Just about anyone worried about Illinois' business climate has a detailed story about how some company decided to move elsewhere, or expand elsewhere, because of the "anti-business" attitude of state government, the unreasonable compensation insurance rates or the extremely high wages won by organized labor in recent contracts.

For example, when workers went out on strike at the Bunn-O-Matic headquarters in Springfield recently, the company packed up and went to Iowa. But what might be a more typical instance is that of a relatively small manufacturing company, Burgess-Norton, Inc., of Geneva. A wholly-owned subsidiary of a multi-national concern, the smaller automotive parts manufacturer was hit as hard during the slump of 1973-1974 as any company in the industrialized North. Inventories were allowed to deplete, an entire shift of jobholders was laid off for nearly a year. Then business began picking up in early 1976. Orders began coming in again. Employees were put back on the payroll and inventories returned to normal levels. Then the company decided it needed to expand its warehouse space. But because of what it called "unprofitable conditions in Illinois," and because transportation systems have expanded some distribution capabilities, the company built its new warehouse outside Tulsa, Okla., and hired its workers from that area.
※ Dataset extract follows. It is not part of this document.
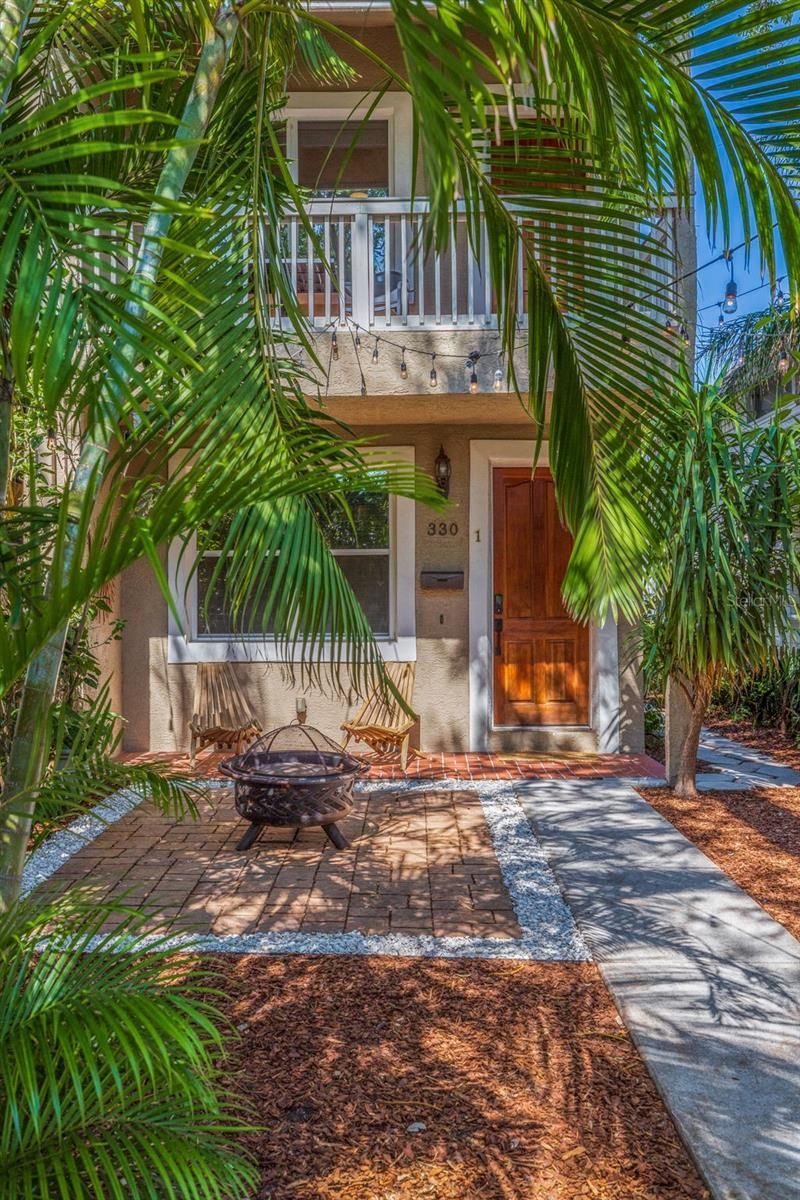 330 Lang Court N, Unit 1, Saint Petersburg, FL 33701 Photo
Incidents such as these, coupled with the views of business officials, could lead one into believing the exodus to the sunnier climes of the South and Southwest is in full swing. But some studies do not fully support this contention; the loss of jobs appears to be much less severe.
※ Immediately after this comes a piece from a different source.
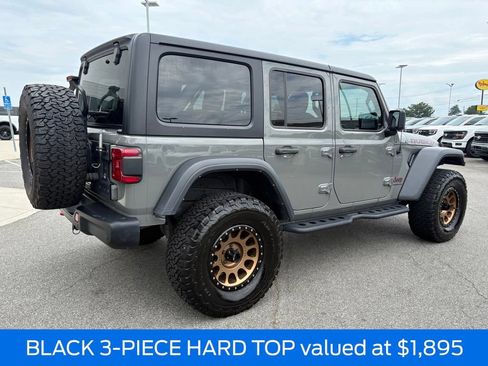 Used 2023 Jeep Wrangler Unlimited Rubicon w/ Cold Weather Group AWD/4WD image 4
Richard Kolhauser, the assistant director of the state Bureau of the Budget (BOB), said that while there is, indeed, a movement of industry and labor out of Illinois; it is not dramatic and does not, in fact, represent anything more than a normal and equitable redistribution of the nation's production capabilities.

Kolhauser's comments are supported by an economic development research report conducted for the U.S. Department of Commerce which says that statistics showing changes in tax rates in comparison to adjusted personal income, and statistics indicating the migratory patterns of industry and labor, should be viewed in the context of tax and labor force levels in each area over a fairly long period of time. That is, when records provided by the Social Security Administration show that 92,000 workers moved into the "sunbelt" states between 1973 and 1974, and

20 / August 1977 / Illinois Issues


that 28,000 workers moved out of the Great Lakes area states during this period, it is important to remember the total labor force in the Great Lakes region was much larger than in the "sunbelt" states to begin with. Also, Ohio and Michigan were hit harder than Illinois during 1973.
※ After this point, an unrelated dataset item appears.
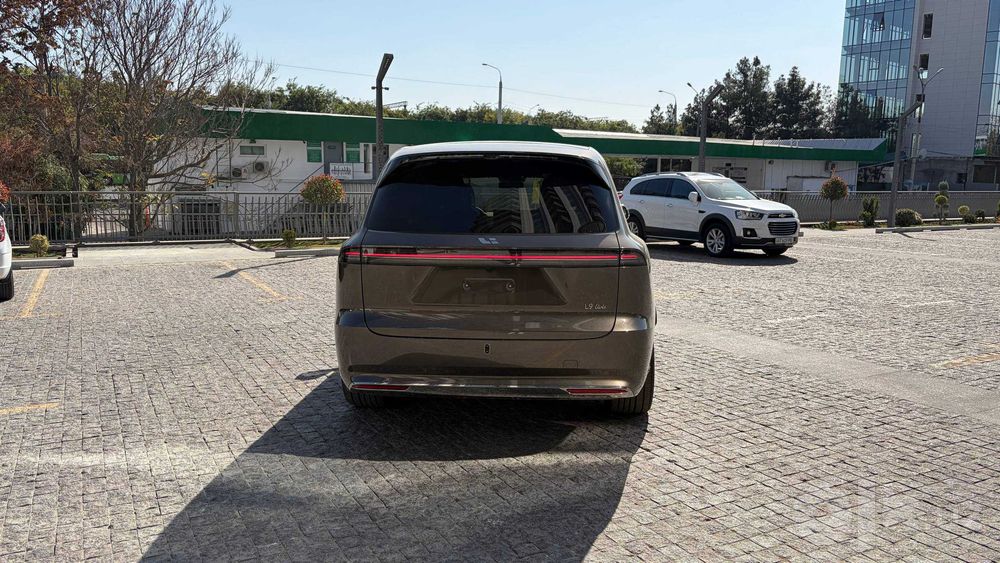 Официальный Lixiang L9 Livis Truffle brown от SIA MOTORS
Entitled "A Myth in the Making: The Southern Economic Challenge and Northern Economic Decline," the 48-page report published in November 1976, indicates that the shift from the North to the "sunbelt" region is a reality. But the report also indicates that Illinois was the industrial state perhaps least affected by what economists have called the worst economic depression in this country since the Great Depression of the 1930's.

For example, after making adjustments for the cost of living, Illinois citizens were shown to have more disposable per capita income than the citizens of the other 24 states the study compared. The studies indicate that the migration of labor out of Illinois (whose 1976 force was put at nearly 4.5 million, excluding agriculture) to the "sunbelt" states was less than any other northern, industrialized state. And according to the U.S. Bureau of the Census, the "sunbelt" south gained only 4.6 per cent in population due to actual movement of workers from the North to the South from 1974 through 1976. All things considered, the study seemed to indicate that the movement to the "sunbelt" region from the North is definitely there, but so far has not been terribly disruptive.

Federal dollars
Illinois businesses point out that the ratio of federal taxes paid to federal dollars returned is not helping the state's business climate. The studies show that the federal government spends more money per person on welfare and retirement programs in southern states than it does in Illinois, even though, on the whole, more money per person goes to Northerners than Southerners for these programs. At the same time, Illinois taxpayers in 1975 paid the second highest of the 25 states compared in percentage of personal income in federal taxes. It seems clear that Illinoisans are not getting their fair share of federal dollars in welfare and retirement programs. There are compensations, however. Illinois' per capita income was higher in 1975 at $6,789 than any state's except Connecticut. The Commerce Department reported in May that the national personal income average rose to $6,441 in 1976 from 1975's national average of $5,903. Personal income rose by 9.1 per cent in 1976 across the nation, the department adds.

In the area of federal taxes collected per person and federal dollars spent per person for all programs, Illinoisans (including children and the aged) paid more to the federal government in personal and corporate taxes than individuals in all other states except Connecticut and New Jersey. And Illinois citizens got back less federal money per capita than any of the "sunbelt" states. But again, the report is quick to note that Illinois residents have one of the highest adjusted personal income levels in the country.

On the labor scene, another report shows that Illinois' loss in manufacturing jobs has nearly been offset by a growth in the number of persons working in wholesale, retail and government employment. The report, called "Illinois Economic Growth Study," was conducted for the state chamber by Dr. A. James Heins of the University of Illinois and was published in July 1976 after nine months of study. Heins' study indicated that tax pressures are tight in Illinois, but compared to other large, industrialized states, Illinois is faring well.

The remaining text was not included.